#### What you have to do
May I please have every record restated word for word, with the images left out?

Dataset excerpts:
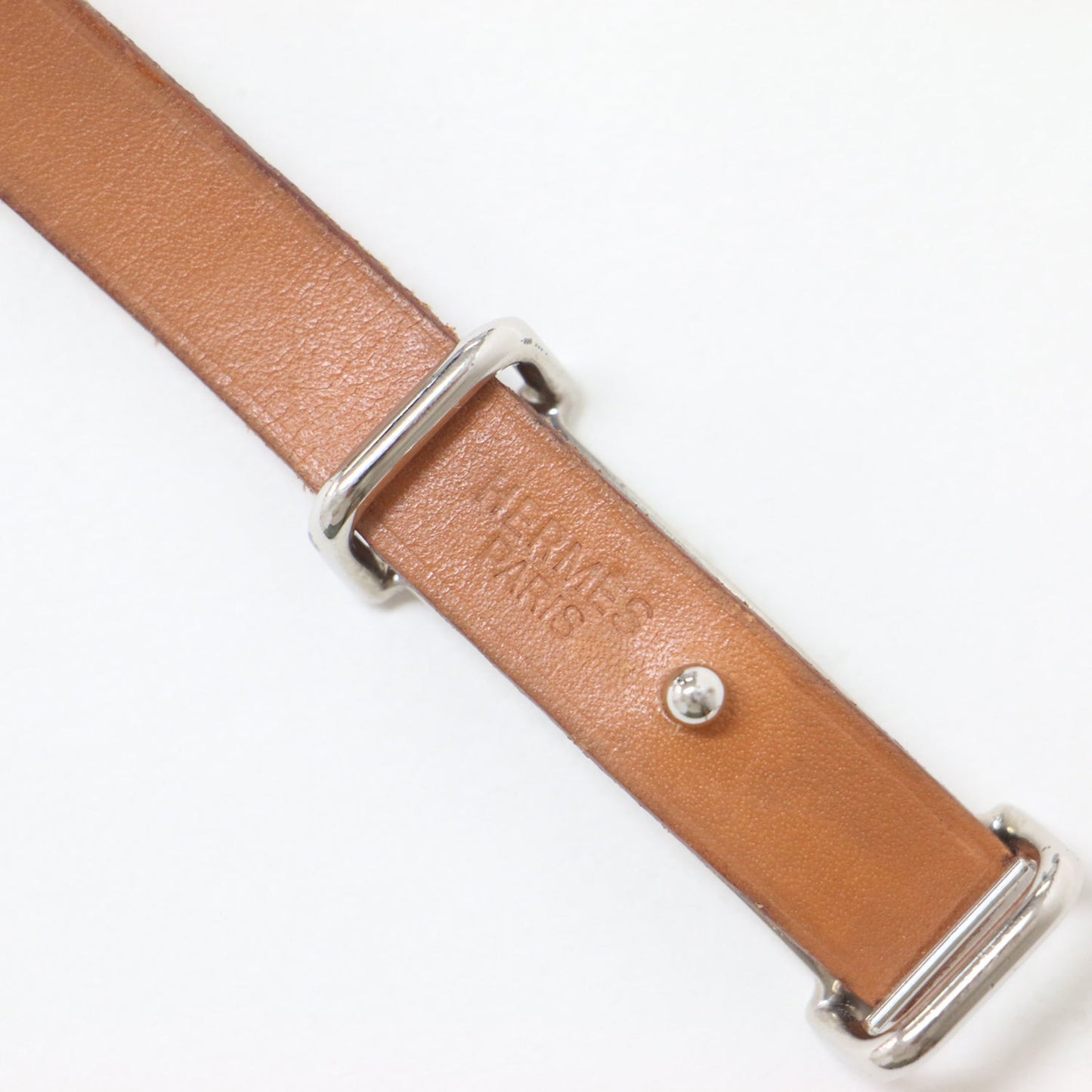 HERMES Hermes API2 Leather Belt Bracelet Bangle Brown Luxury
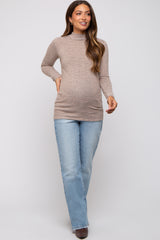 Taupe Striped Long Sleeve Mock Neck Maternity Top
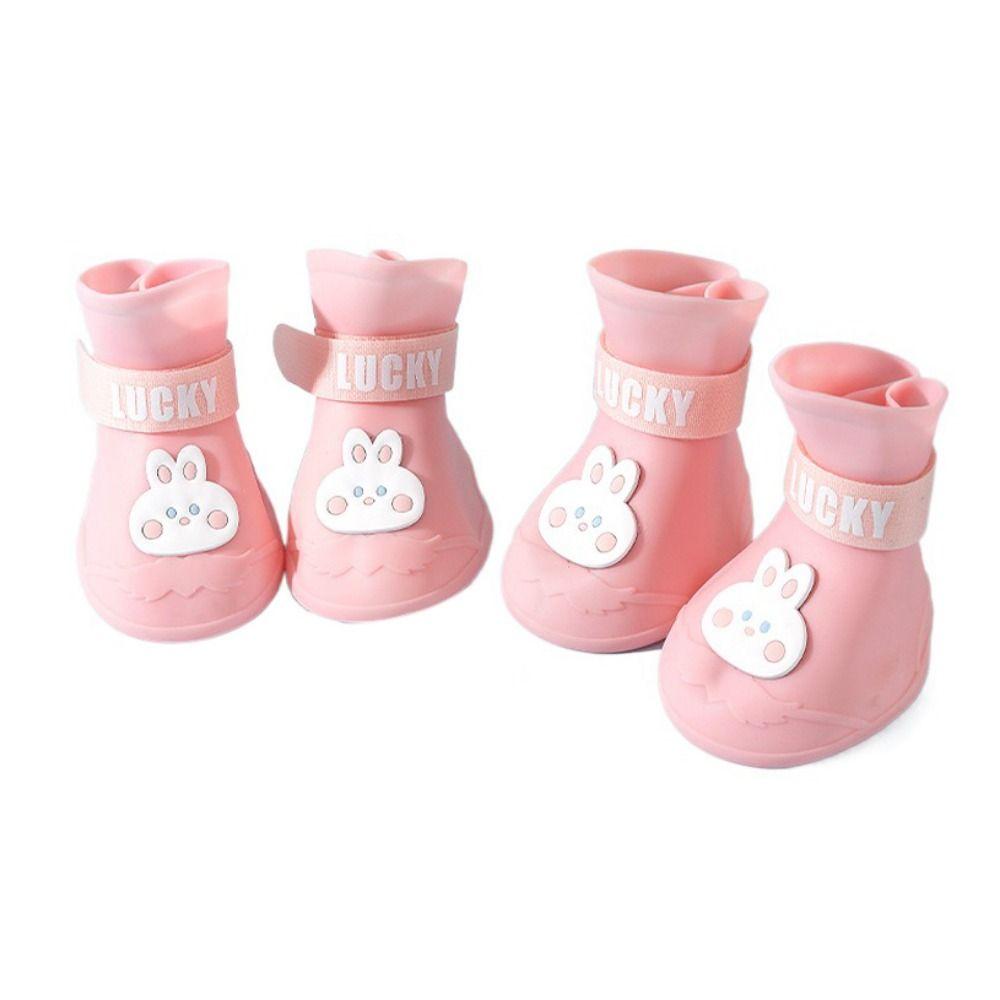 4pcs/set Cartoon Anti-slip Pet Rainshoe Wear Resistant Dog Ankle Boots  For Dogs Puppy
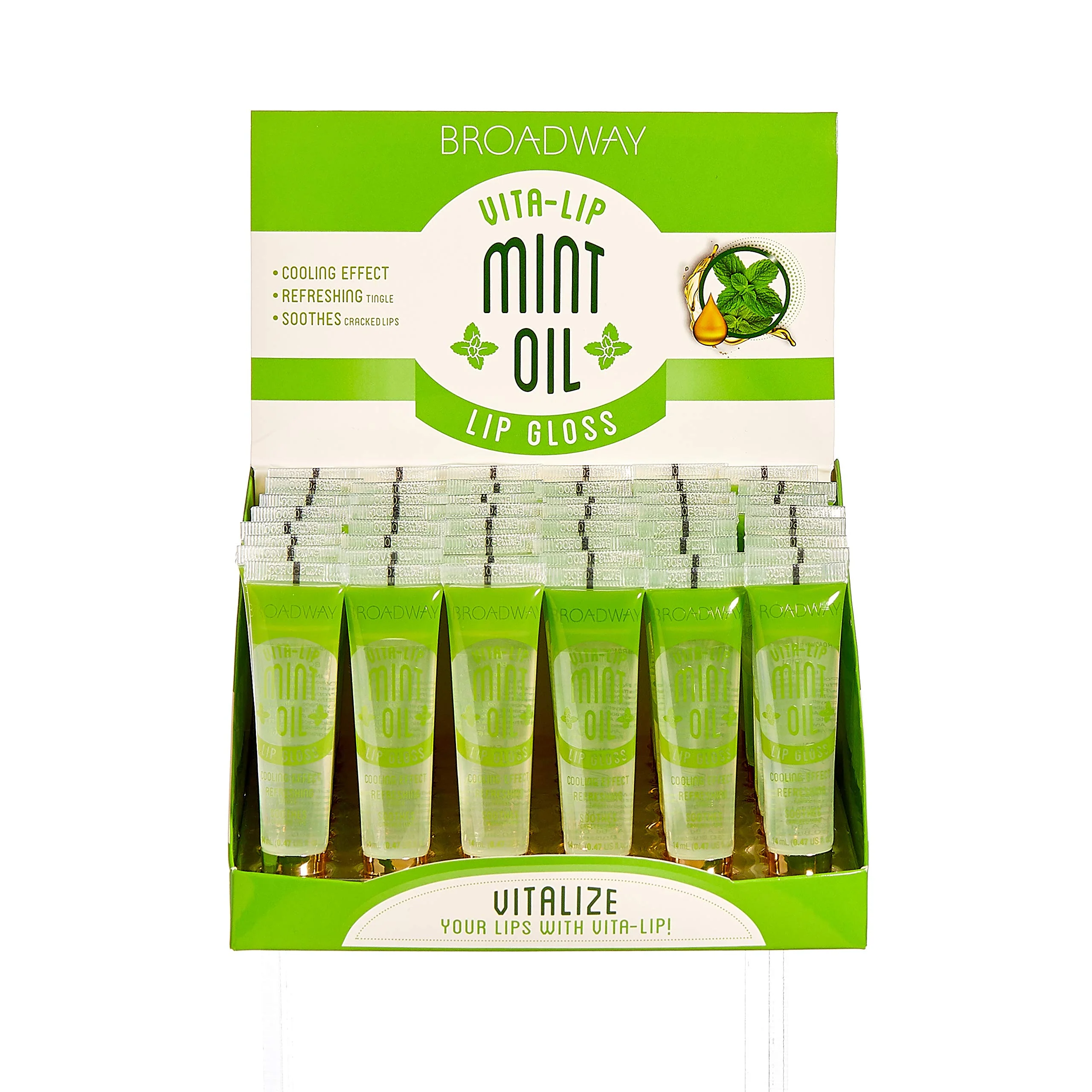 Eco-Friendly Ruby Kisses Broadway Vita-Lip Clear Lip Gloss Mint Oil 48 Pack Ultra-Hydrating Soothing Formula with Vitamin Oils High-Shine Non-Sticky Finish Verified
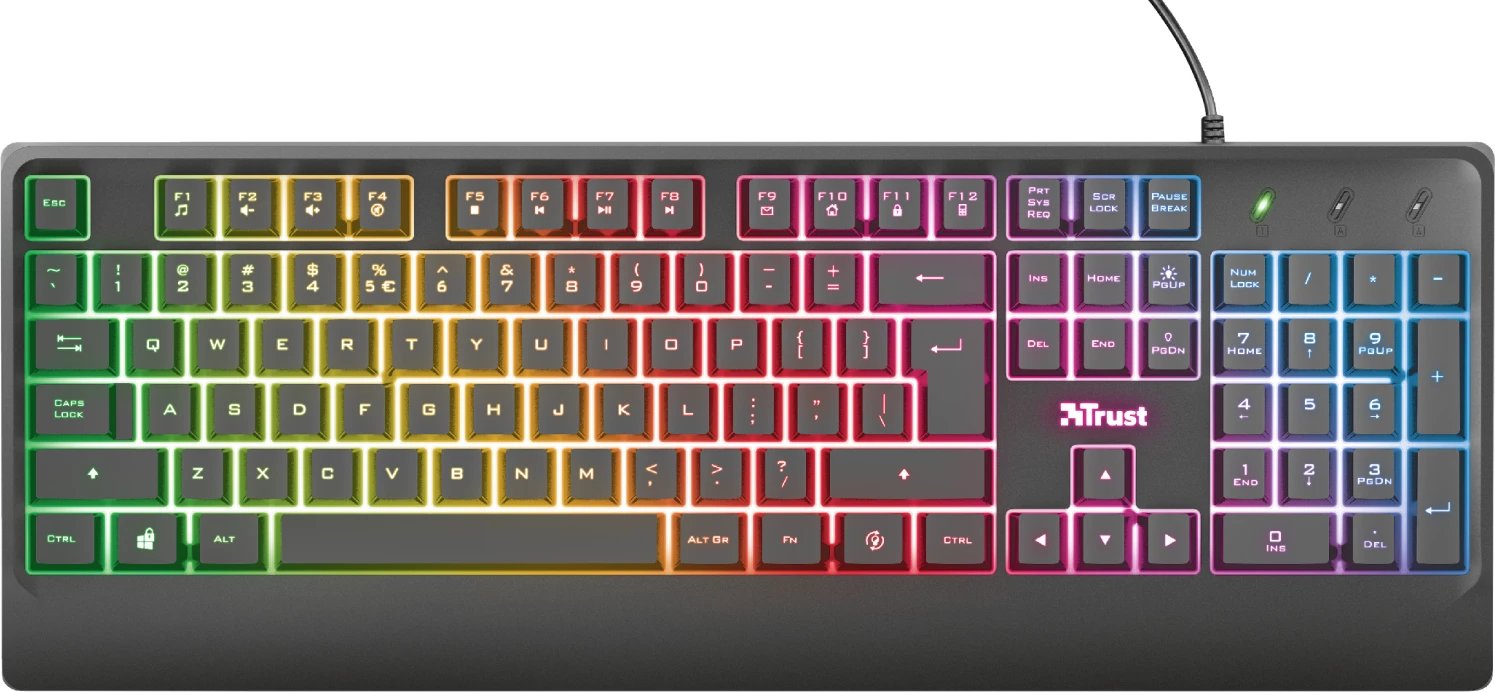 TASTIERE GAMING TRUST ZIVA RAINBOW | 104KEYS RGB BLACK 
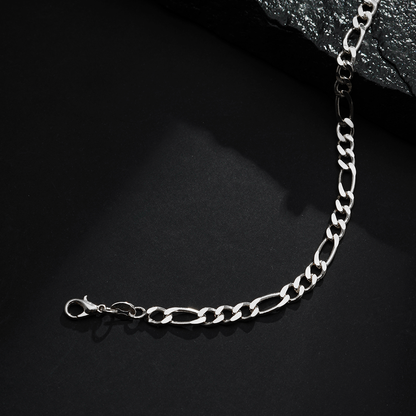 Pulseira Lilith Allure Prateada Masculina Elo 3 por 1 - 5mm / Lilith Allure Silver Men's Bracelet 3-in-1 – 5mm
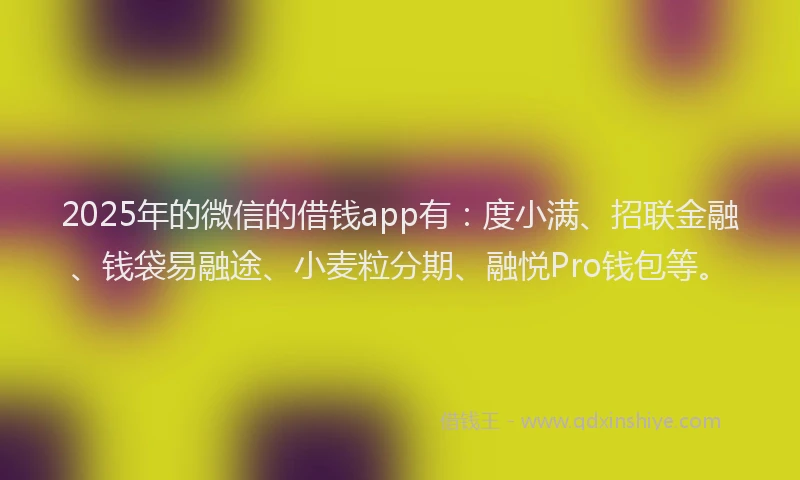 2025年的微信的借钱app有：度小满、招联金融、钱袋易融途、小麦粒分期、融悦Pro钱包等。
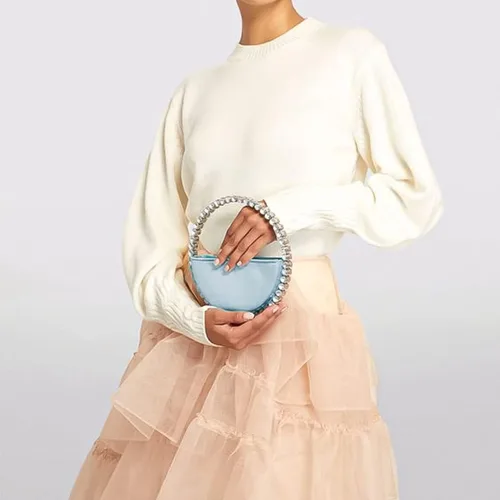 Miniatura 2 de CARZA Bolso de noche con diamantes de imitación brillantes para mujer, bolso de diseñador para boda, fiesta, asa superior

#### Answer to this problem
 HERMES Hermes API2 Leather Belt Bracelet Bangle Brown Luxury
 Taupe Striped Long Sleeve Mock Neck Maternity Top
 4pcs/set Cartoon Anti-slip Pet Rainshoe Wear Resistant Dog Ankle Boots  For Dogs Puppy
 Eco-Friendly Ruby Kisses Broadway Vita-Lip Clear Lip Gloss Mint Oil 48 Pack Ultra-Hydrating Soothing Formula with Vitamin Oils High-Shine Non-Sticky Finish Verified
 TASTIERE GAMING TRUST ZIVA RAINBOW | 104KEYS RGB BLACK 
 Pulseira Lilith Allure Prateada Masculina Elo 3 por 1 - 5mm / Lilith Allure Silver Men's Bracelet 3-in-1 – 5mm
 2025年的微信的借钱app有：度小满、招联金融、钱袋易融途、小麦粒分期、融悦Pro钱包等。
 Miniatura 2 de CARZA Bolso de noche con diamantes de imitación brillantes para mujer, bolso de diseñador para boda, fiesta, asa superior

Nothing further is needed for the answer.